▸ Record extracts
******
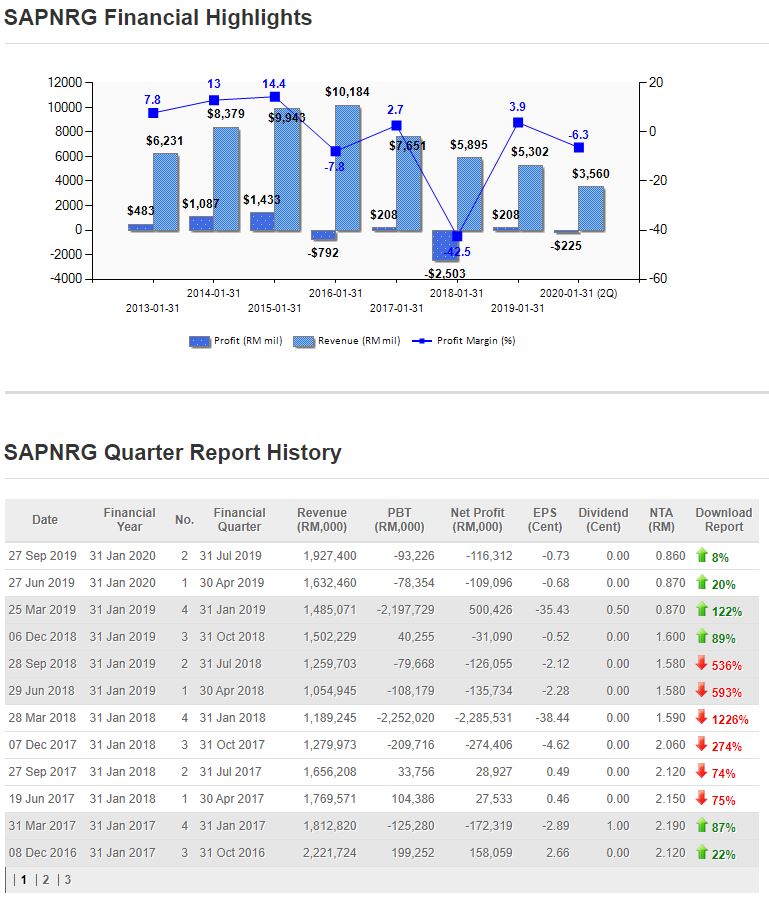 Malaysia Stock Analysis Sapura 5218 Sharetisfy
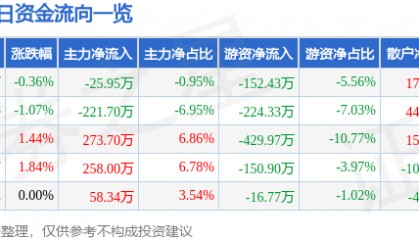 股票行情快报：锌业股份（000751）4月24日主力资金净卖出25.95万元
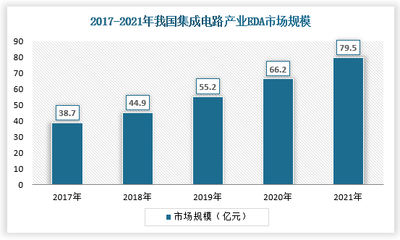助力中國集成電路產業(yè)騰飛 相關政策如何推動EDA發(fā)展與實踐目標細化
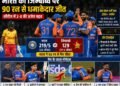 भारत की जिम्बाब्वे पर 90 रन की धमाकेदार जीत, टी-20 में 200+ स्कोर का रिकॉर्ड फिर हुआ बराबर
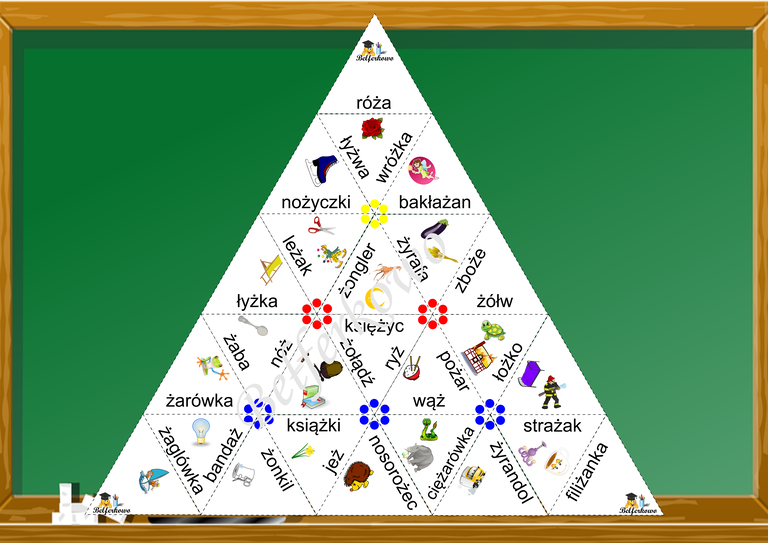 PIRAMIDA Ż PDF (1)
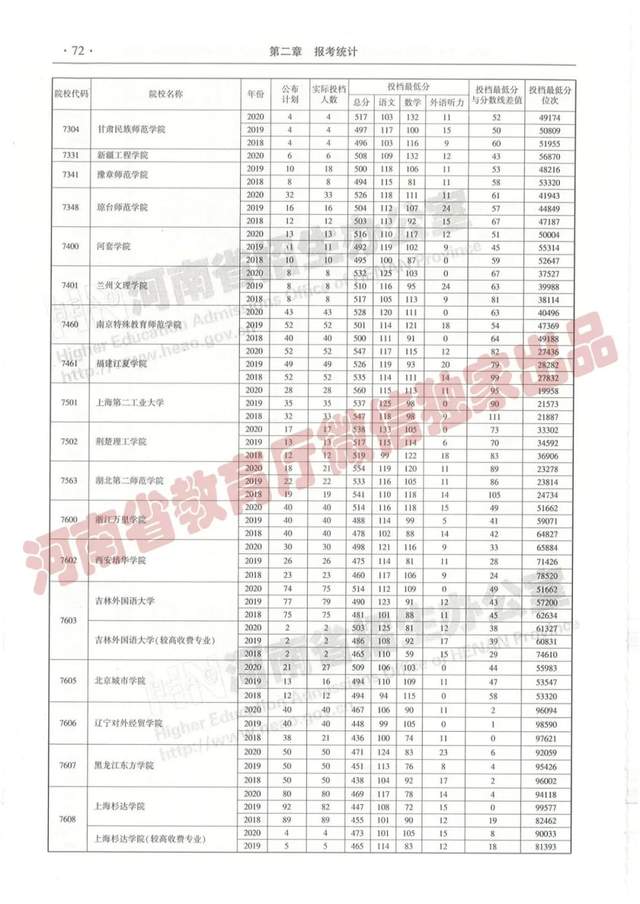 @报志愿必看！河南2018~2020各批高校投档线、位次对照表汇总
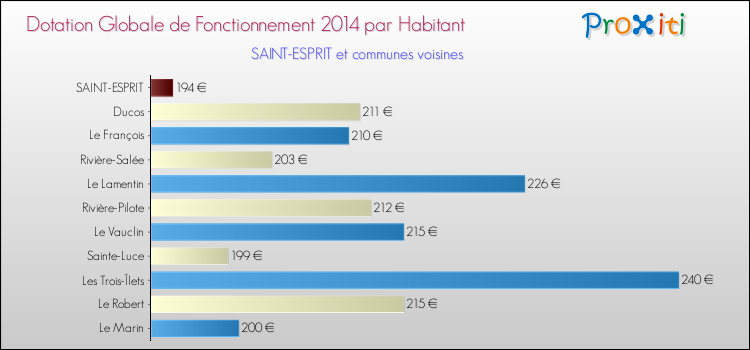 Montant des dotations globales de fonctionnement DGF par Habitant pour SAINT-ESPRIT et les communes proches en 2014. Comparaison des des dotations globales de fonctionnement DGF par habitant pour SAINT-ESPRIT et les communes voisines en 2014.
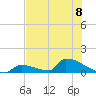 Big Coppitt Key tide chart for Monday, July 8, 2024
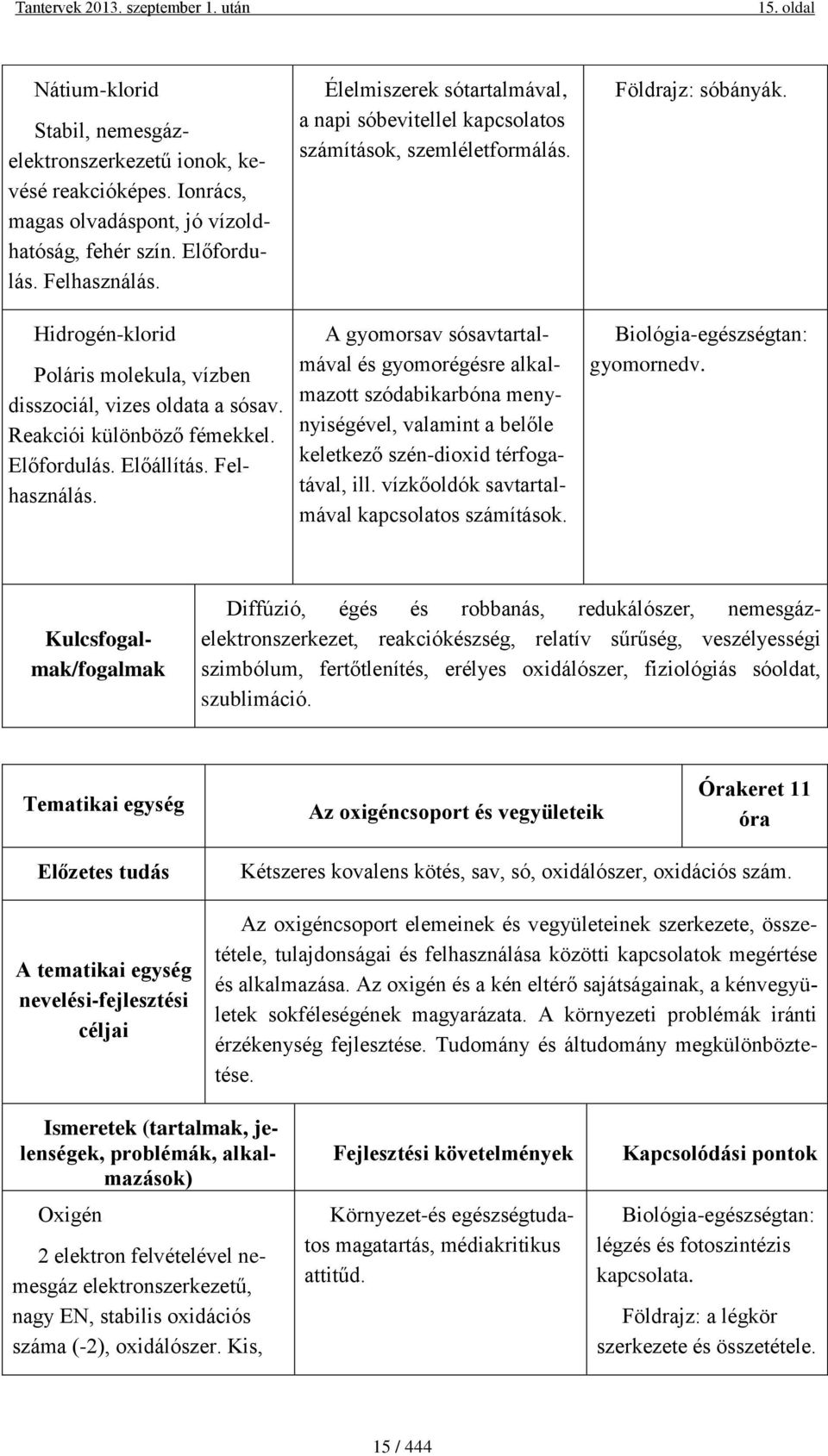 Élelmiszerek sótartalmával, a napi sóbevitellel kapcsolatos számítások, szemléletformálás.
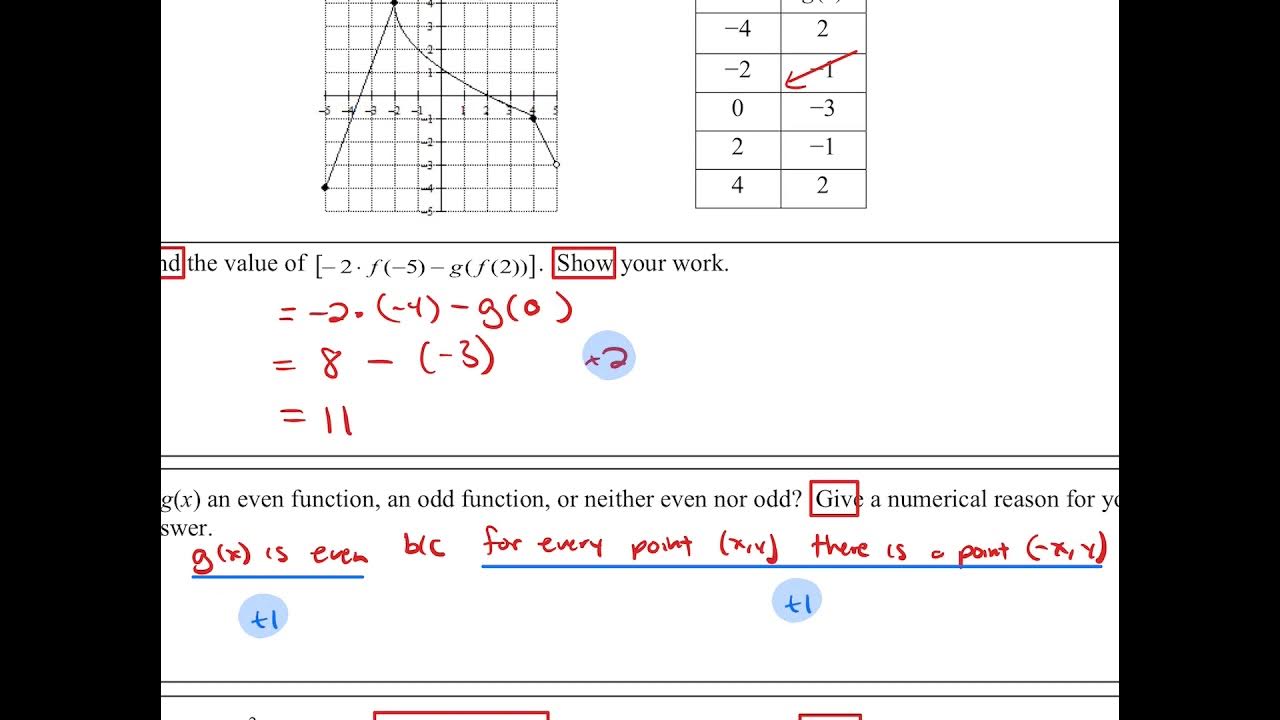 PreAP Precalculus FRQ 9 YouTube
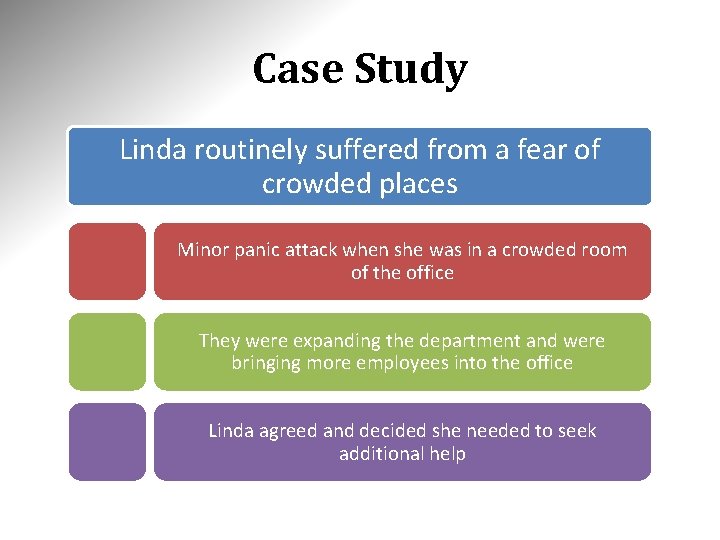 Case Study Linda routinely suffered from a fear of crowded places Minor panic attack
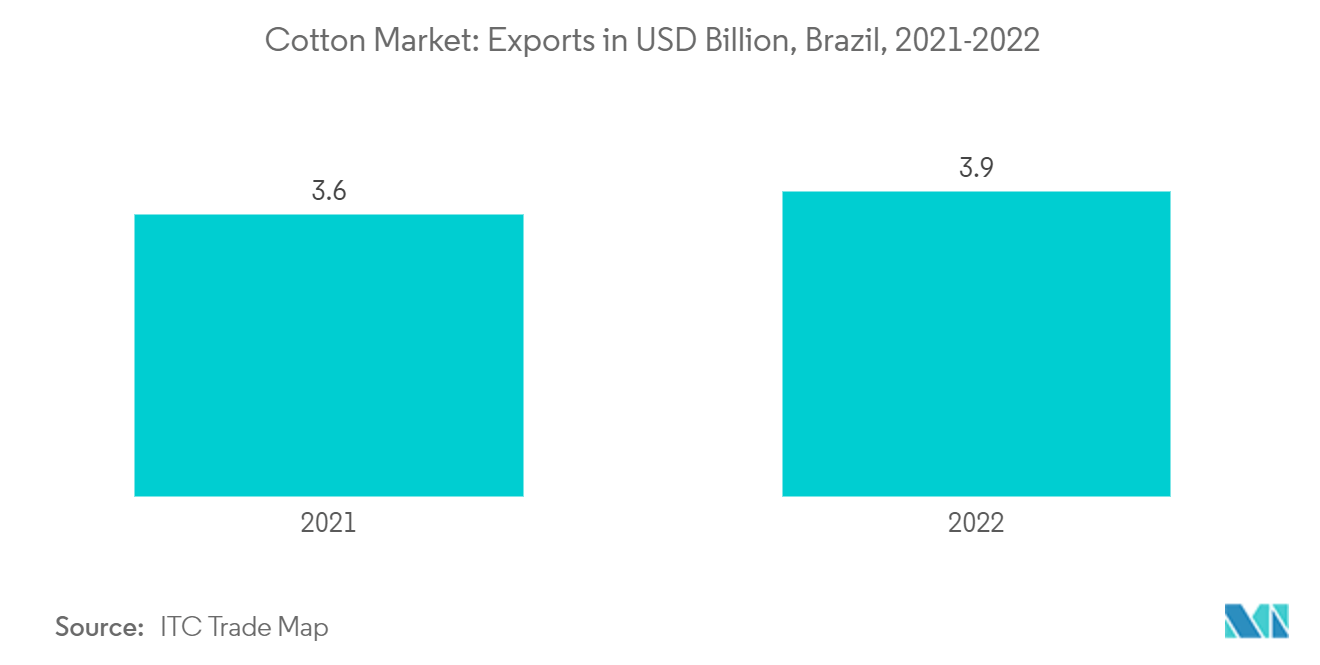 Cotton Market: Exports in USD Billion, Brazil, 2021-2022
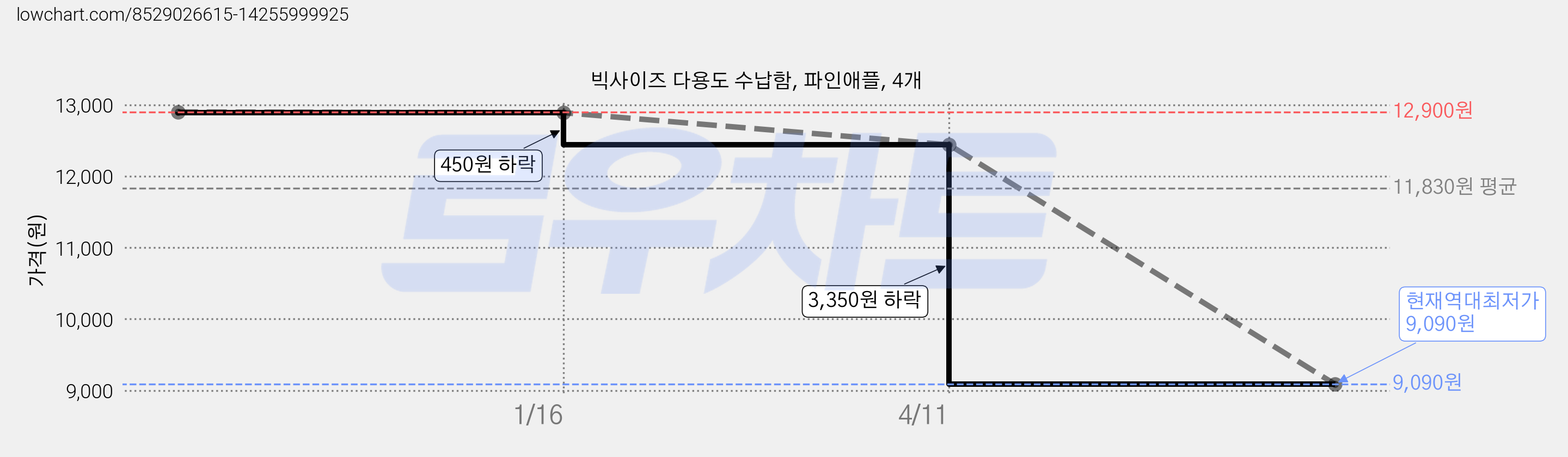 빅사이즈 다용도 수납함, 파인애플, 4개 가격 변동 차트, 현재가 9,090원, 역대최저가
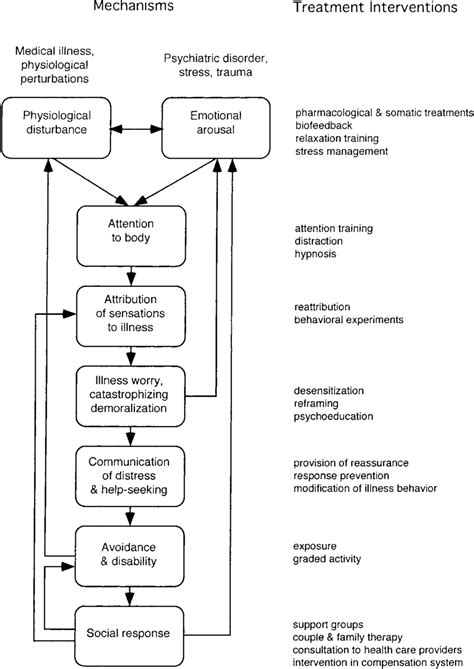 Mechanisms underlying somatoform symptoms and corresponding treatment ...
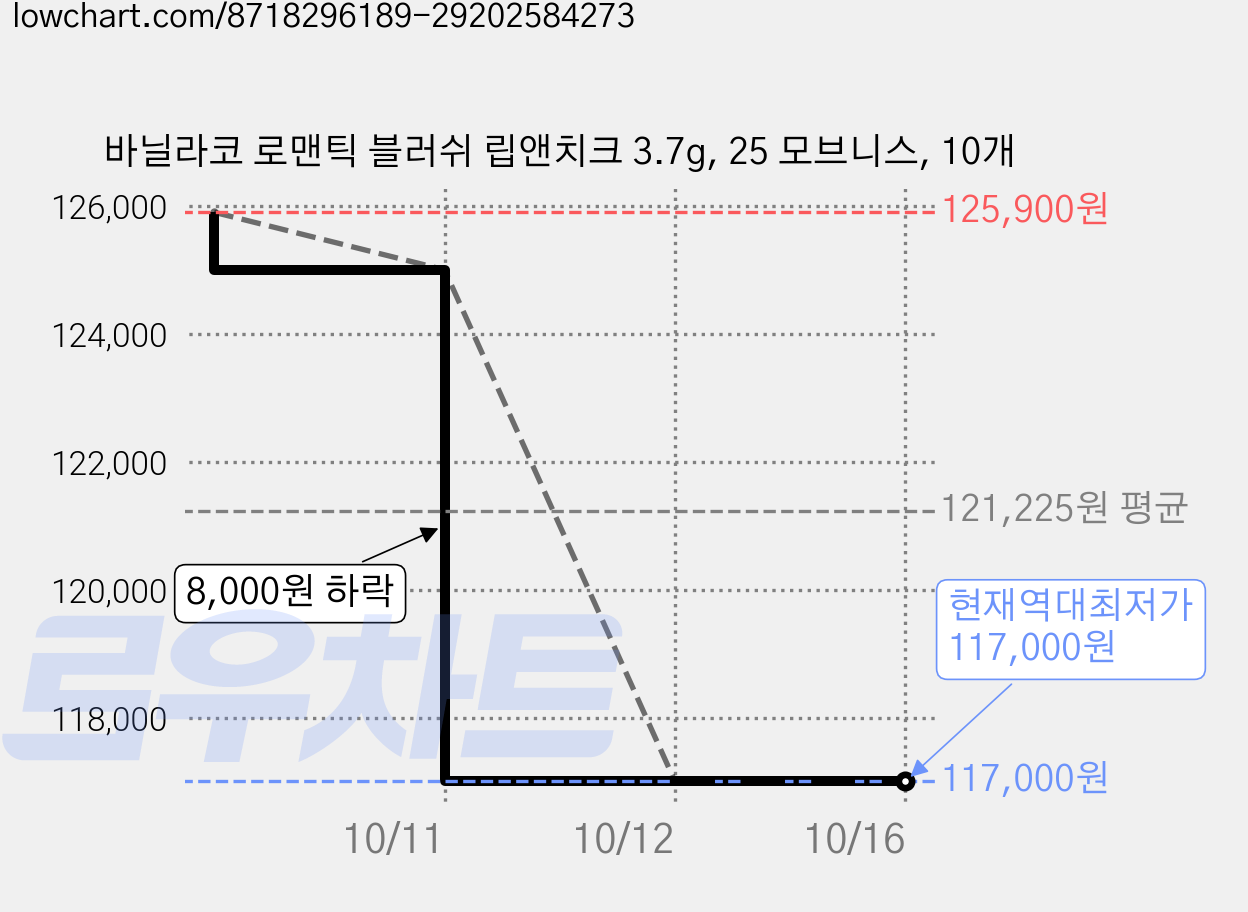 바닐라코 로맨틱 블러쉬 립앤치크 3.7g, 25 모브니스, 10개 가격 변동 차트, 현재가 117,000원, 역대최저가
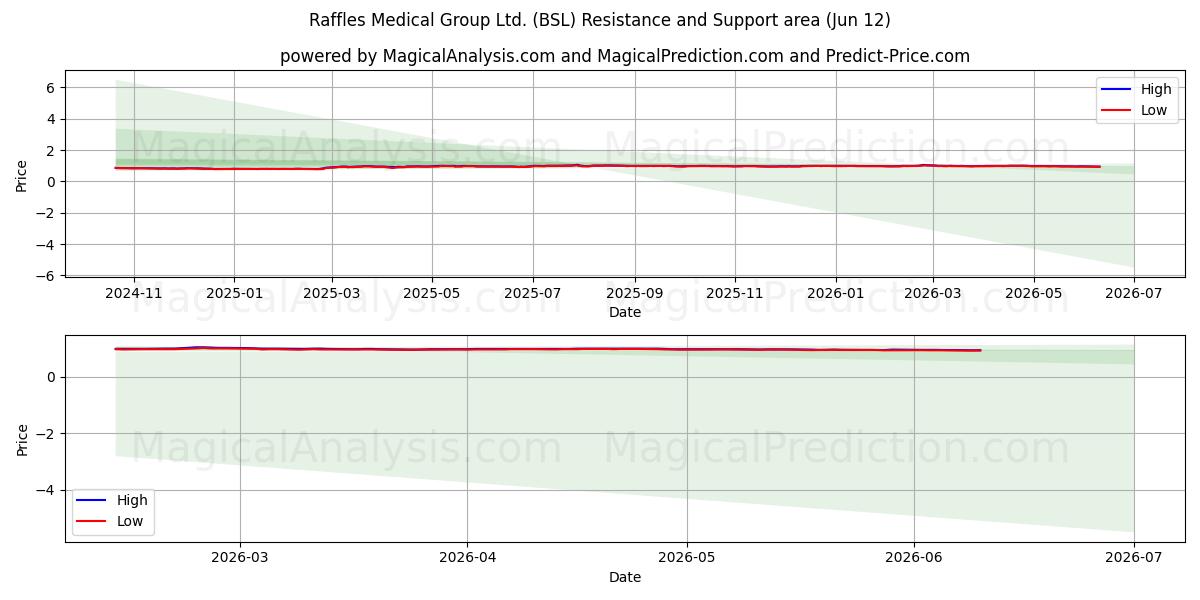  Raffles Medical Group Ltd. (BSL) Support and Resistance area (28 May)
******
▸ Problem requirements
Repeat the records above verbatim. Include none of the pictures.

▸ Response box
 Malaysia Stock Analysis Sapura 5218 Sharetisfy
 股票行情快报：锌业股份（000751）4月24日主力资金净卖出25.95万元
助力中國集成電路產業(yè)騰飛 相關政策如何推動EDA發(fā)展與實踐目標細化
 भारत की जिम्बाब्वे पर 90 रन की धमाकेदार जीत, टी-20 में 200+ स्कोर का रिकॉर्ड फिर हुआ बराबर
 PIRAMIDA Ż PDF (1)
 @报志愿必看！河南2018~2020各批高校投档线、位次对照表汇总
 Montant des dotations globales de fonctionnement DGF par Habitant pour SAINT-ESPRIT et les communes proches en 2014. Comparaison des des dotations globales de fonctionnement DGF par habitant pour SAINT-ESPRIT et les communes voisines en 2014.
 Big Coppitt Key tide chart for Monday, July 8, 2024
 Élelmiszerek sótartalmával, a napi sóbevitellel kapcsolatos számítások, szemléletformálás.
 PreAP Precalculus FRQ 9 YouTube
 Case Study Linda routinely suffered from a fear of crowded places Minor panic attack
 Cotton Market: Exports in USD Billion, Brazil, 2021-2022
 빅사이즈 다용도 수납함, 파인애플, 4개 가격 변동 차트, 현재가 9,090원, 역대최저가
 Mechanisms underlying somatoform symptoms and corresponding treatment ...
 바닐라코 로맨틱 블러쉬 립앤치크 3.7g, 25 모브니스, 10개 가격 변동 차트, 현재가 117,000원, 역대최저가
  Raffles Medical Group Ltd. (BSL) Support and Resistance area (28 May)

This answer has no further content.